> Your task:
Write the listing out again word for word, leaving each picture behind.

> Data provided:
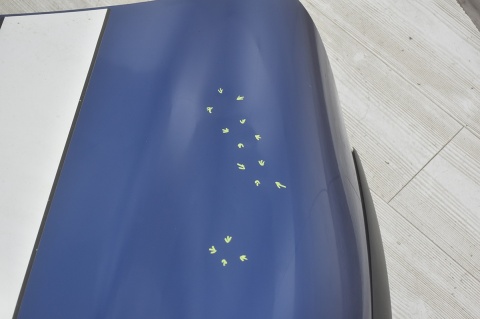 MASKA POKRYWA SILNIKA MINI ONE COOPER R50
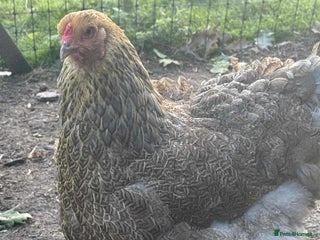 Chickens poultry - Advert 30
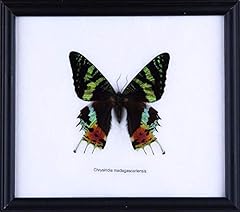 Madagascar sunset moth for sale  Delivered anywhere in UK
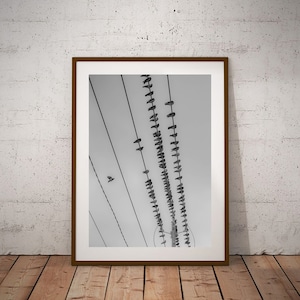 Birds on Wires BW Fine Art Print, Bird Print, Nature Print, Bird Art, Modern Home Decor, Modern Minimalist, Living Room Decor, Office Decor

> Response below:
 MASKA POKRYWA SILNIKA MINI ONE COOPER R50
 Chickens poultry - Advert 30
 Madagascar sunset moth for sale  Delivered anywhere in UK
 Birds on Wires BW Fine Art Print, Bird Print, Nature Print, Bird Art, Modern Home Decor, Modern Minimalist, Living Room Decor, Office Decor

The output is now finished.